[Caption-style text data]
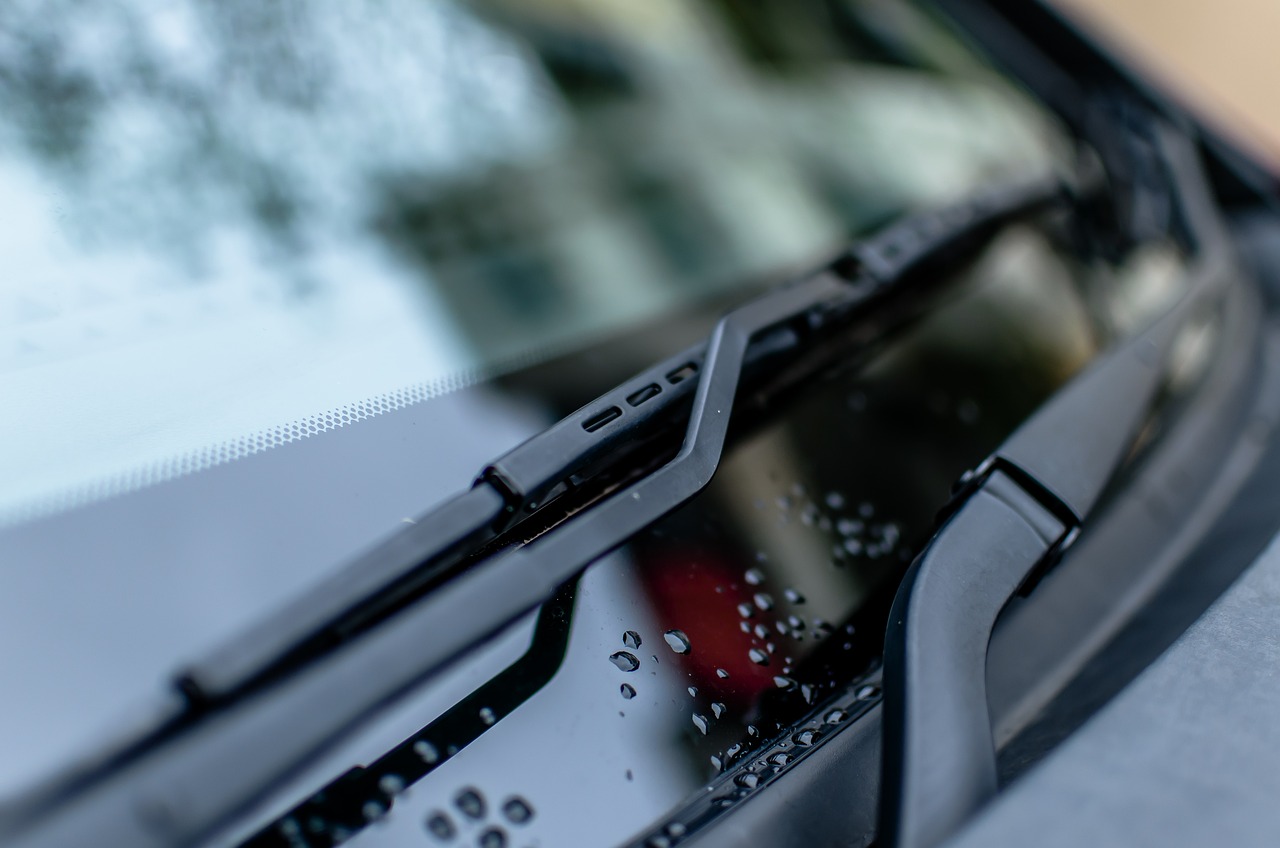 some drops of water are on the windshield of the car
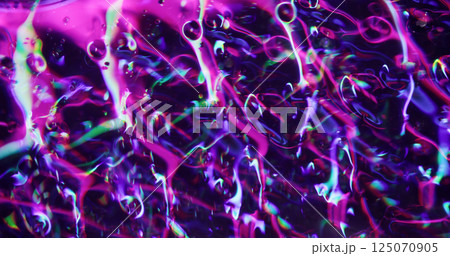 Neon glow. Defocused colorful splash. Purple gleaming transparent fragments lens flare motion on blurred bokeh light modern background. Neon glow. Defocused colorful splash. Purple gleaming transparent fragments lens flare motion on blurred bokeh light modern background. 125070905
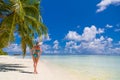 Happy beautiful carefree woman enjoying sunshine on the beach. Young woman in red pink bikini in white sandy beach at Maldive Royalty Free Stock Photo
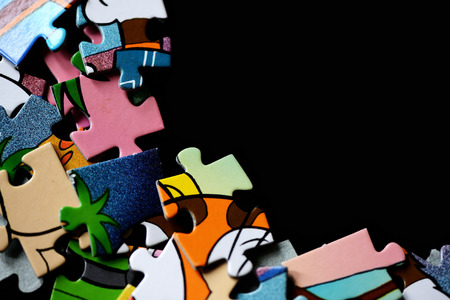 Children's puzzles scattered on a dark background close upの写真素材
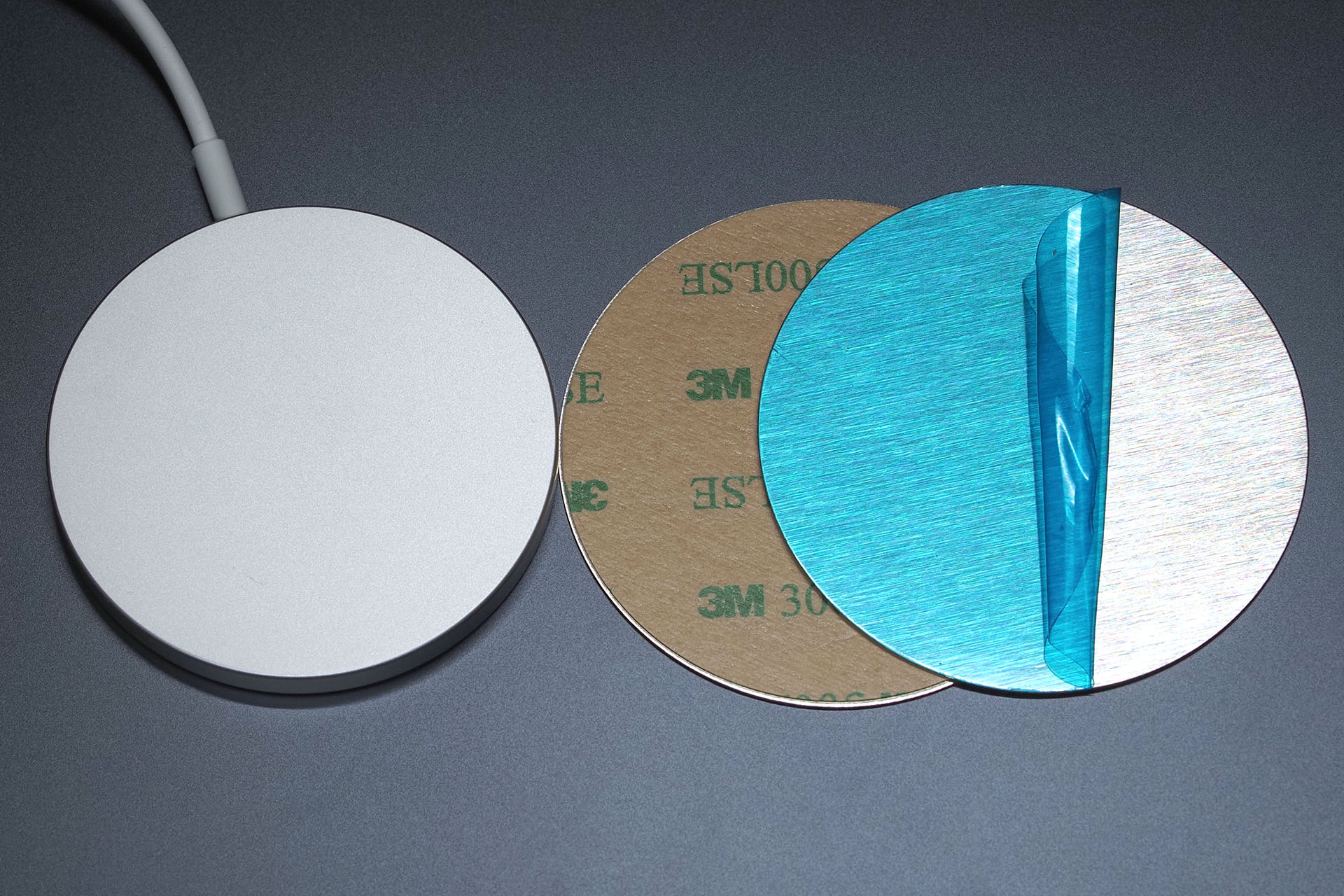 こんなプレートを使い、Apple純正MagSafe充電器をMagSafe対応スマートフォンスタンドに吸着できるようにした。直径60mmの丸いステンレススチールプレートで「マグネット吸着用」としてAmazonで売られていた。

### WHAT THE EXERCISE ASKS:
Leave out the pictures, and retype exactly the lines from the one containing "Children's puzzles scattered" through the final line of the data.

### WRITTEN SOLUTION:
 Children's puzzles scattered on a dark background close upの写真素材
 こんなプレートを使い、Apple純正MagSafe充電器をMagSafe対応スマートフォンスタンドに吸着できるようにした。直径60mmの丸いステンレススチールプレートで「マグネット吸着用」としてAmazonで売られていた。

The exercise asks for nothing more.